RECORDED INFORMATION:
┌──

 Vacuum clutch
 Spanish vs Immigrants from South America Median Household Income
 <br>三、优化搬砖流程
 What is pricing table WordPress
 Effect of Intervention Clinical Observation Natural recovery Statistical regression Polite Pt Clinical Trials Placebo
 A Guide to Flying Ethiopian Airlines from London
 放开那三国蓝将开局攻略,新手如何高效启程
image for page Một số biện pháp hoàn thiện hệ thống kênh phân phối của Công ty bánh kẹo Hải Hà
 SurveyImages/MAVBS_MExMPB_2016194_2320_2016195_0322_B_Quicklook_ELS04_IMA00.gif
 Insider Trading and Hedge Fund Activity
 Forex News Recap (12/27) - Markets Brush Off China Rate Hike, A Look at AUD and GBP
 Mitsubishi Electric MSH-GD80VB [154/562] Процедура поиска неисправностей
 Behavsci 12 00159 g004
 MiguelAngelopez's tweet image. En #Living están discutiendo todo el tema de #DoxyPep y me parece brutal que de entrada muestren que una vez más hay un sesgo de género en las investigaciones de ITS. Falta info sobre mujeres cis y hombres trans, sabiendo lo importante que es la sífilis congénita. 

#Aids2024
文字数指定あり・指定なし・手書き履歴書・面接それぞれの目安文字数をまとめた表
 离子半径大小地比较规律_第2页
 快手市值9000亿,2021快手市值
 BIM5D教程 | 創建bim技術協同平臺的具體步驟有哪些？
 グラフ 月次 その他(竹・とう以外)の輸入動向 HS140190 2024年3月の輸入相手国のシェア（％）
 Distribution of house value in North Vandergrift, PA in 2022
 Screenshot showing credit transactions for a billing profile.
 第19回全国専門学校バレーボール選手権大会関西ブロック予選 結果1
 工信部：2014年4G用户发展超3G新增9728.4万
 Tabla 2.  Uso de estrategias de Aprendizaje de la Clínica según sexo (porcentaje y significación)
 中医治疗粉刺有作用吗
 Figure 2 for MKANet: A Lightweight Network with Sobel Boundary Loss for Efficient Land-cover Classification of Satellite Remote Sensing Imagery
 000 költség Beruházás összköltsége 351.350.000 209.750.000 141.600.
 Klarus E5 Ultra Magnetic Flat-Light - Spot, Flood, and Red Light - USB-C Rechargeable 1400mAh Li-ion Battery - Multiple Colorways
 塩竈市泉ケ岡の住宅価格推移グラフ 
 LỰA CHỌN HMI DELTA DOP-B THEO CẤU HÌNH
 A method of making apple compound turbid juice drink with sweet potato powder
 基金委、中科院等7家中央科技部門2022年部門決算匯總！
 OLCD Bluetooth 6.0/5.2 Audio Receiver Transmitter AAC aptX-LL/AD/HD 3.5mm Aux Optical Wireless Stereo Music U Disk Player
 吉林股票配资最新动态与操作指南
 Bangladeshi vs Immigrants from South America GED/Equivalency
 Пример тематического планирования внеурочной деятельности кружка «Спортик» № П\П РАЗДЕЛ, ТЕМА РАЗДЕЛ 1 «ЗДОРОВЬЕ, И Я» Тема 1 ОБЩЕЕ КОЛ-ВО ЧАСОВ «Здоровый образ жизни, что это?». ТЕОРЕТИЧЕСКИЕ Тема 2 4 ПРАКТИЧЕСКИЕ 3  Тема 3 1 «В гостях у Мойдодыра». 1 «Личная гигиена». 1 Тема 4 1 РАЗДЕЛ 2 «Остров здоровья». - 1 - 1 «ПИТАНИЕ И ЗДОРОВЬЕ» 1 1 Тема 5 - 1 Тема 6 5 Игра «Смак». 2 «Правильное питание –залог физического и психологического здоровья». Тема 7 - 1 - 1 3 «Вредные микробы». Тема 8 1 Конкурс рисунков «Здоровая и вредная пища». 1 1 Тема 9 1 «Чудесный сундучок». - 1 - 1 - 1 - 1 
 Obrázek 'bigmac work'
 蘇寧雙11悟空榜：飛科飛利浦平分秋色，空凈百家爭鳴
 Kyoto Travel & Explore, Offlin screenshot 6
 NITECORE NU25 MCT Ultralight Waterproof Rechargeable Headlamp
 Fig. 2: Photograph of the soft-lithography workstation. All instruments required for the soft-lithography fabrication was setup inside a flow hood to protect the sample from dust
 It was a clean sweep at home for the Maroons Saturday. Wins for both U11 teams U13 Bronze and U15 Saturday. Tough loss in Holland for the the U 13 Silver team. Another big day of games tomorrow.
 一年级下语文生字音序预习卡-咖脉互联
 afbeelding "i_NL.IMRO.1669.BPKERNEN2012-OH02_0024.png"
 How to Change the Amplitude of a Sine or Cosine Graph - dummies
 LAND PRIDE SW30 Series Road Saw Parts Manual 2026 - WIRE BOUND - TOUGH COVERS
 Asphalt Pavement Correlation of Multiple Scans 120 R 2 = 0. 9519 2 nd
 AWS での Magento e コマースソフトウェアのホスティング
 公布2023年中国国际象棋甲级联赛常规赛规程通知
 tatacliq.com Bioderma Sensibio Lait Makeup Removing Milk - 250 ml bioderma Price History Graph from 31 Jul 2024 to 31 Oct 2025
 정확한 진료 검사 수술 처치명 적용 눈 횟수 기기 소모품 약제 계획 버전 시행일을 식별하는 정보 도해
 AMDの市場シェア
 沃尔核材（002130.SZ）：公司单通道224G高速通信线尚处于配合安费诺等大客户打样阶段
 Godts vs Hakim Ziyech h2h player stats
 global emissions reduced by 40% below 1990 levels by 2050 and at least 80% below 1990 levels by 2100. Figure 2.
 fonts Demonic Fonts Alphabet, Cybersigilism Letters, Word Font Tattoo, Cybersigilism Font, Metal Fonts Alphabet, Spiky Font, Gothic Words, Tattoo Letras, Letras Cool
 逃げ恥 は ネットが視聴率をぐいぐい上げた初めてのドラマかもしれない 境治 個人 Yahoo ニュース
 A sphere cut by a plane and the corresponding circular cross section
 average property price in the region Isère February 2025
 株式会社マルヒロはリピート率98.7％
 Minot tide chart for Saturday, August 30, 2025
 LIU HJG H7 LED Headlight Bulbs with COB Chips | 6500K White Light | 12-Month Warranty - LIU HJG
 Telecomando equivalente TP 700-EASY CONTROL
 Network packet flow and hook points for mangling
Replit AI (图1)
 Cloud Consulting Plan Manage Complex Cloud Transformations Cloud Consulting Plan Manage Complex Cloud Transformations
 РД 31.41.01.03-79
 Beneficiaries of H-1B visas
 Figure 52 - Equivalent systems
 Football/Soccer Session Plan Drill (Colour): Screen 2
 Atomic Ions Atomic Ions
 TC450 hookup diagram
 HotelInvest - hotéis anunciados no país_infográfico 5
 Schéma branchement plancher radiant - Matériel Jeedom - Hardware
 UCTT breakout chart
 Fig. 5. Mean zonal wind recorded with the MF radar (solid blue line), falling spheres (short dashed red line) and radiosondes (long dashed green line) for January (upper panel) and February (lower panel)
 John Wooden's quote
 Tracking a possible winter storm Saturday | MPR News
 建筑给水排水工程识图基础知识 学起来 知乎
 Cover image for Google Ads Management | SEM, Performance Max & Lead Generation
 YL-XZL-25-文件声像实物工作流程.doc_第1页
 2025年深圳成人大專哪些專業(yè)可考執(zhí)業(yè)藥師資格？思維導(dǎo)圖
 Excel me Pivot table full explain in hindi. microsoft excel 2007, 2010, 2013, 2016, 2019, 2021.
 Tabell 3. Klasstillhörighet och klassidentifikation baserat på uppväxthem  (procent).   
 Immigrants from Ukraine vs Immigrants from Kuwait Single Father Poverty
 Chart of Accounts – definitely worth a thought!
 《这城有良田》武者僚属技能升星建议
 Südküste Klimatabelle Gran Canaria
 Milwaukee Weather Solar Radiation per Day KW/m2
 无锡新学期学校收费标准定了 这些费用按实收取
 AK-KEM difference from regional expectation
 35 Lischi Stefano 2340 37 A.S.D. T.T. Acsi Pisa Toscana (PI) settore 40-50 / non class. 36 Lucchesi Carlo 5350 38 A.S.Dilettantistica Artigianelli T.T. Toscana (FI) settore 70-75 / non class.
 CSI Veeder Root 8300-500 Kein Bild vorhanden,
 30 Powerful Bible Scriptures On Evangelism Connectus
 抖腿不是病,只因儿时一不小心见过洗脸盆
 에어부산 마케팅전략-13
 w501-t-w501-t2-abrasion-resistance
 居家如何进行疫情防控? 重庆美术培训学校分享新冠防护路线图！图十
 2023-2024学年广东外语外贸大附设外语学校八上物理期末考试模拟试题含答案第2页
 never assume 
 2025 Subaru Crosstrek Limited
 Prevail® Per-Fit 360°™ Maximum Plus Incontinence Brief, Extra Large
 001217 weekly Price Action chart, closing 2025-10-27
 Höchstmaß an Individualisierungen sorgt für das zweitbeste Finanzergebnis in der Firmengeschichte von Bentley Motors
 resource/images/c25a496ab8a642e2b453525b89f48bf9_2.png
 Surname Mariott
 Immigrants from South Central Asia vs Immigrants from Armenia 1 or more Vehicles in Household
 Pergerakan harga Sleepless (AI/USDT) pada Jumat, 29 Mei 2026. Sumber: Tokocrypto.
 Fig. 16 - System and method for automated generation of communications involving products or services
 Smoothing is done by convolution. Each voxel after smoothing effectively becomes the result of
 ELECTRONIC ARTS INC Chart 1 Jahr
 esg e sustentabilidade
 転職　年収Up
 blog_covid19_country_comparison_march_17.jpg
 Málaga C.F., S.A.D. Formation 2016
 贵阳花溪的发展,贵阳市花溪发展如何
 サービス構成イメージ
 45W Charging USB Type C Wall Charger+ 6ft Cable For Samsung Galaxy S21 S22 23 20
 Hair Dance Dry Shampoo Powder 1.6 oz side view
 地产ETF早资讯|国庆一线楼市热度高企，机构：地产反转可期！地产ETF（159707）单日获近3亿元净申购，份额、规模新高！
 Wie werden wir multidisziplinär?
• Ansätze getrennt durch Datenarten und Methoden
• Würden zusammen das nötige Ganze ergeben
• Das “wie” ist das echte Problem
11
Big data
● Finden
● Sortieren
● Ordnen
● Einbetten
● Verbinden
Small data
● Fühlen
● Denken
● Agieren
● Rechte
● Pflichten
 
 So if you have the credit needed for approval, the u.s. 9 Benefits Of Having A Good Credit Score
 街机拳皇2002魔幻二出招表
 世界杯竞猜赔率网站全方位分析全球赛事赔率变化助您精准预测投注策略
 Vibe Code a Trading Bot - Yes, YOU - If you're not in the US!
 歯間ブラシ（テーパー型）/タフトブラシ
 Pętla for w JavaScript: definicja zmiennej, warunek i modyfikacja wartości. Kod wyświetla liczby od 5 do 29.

└──

PROBLEM: Using the records above, copy word for word the line with "Fig. 2: Photograph", the line with "沃尔核材（002130.SZ", and every line between them.

FINISHED TASK:
 Fig. 2: Photograph of the soft-lithography workstation. All instruments required for the soft-lithography fabrication was setup inside a flow hood to protect the sample from dust
 It was a clean sweep at home for the Maroons Saturday. Wins for both U11 teams U13 Bronze and U15 Saturday. Tough loss in Holland for the the U 13 Silver team. Another big day of games tomorrow.
 一年级下语文生字音序预习卡-咖脉互联
 afbeelding "i_NL.IMRO.1669.BPKERNEN2012-OH02_0024.png"
 How to Change the Amplitude of a Sine or Cosine Graph - dummies
 LAND PRIDE SW30 Series Road Saw Parts Manual 2026 - WIRE BOUND - TOUGH COVERS
 Asphalt Pavement Correlation of Multiple Scans 120 R 2 = 0. 9519 2 nd
 AWS での Magento e コマースソフトウェアのホスティング
 公布2023年中国国际象棋甲级联赛常规赛规程通知
 tatacliq.com Bioderma Sensibio Lait Makeup Removing Milk - 250 ml bioderma Price History Graph from 31 Jul 2024 to 31 Oct 2025
 정확한 진료 검사 수술 처치명 적용 눈 횟수 기기 소모품 약제 계획 버전 시행일을 식별하는 정보 도해
 AMDの市場シェア
 沃尔核材（002130.SZ）：公司单通道224G高速通信线尚处于配合安费诺等大客户打样阶段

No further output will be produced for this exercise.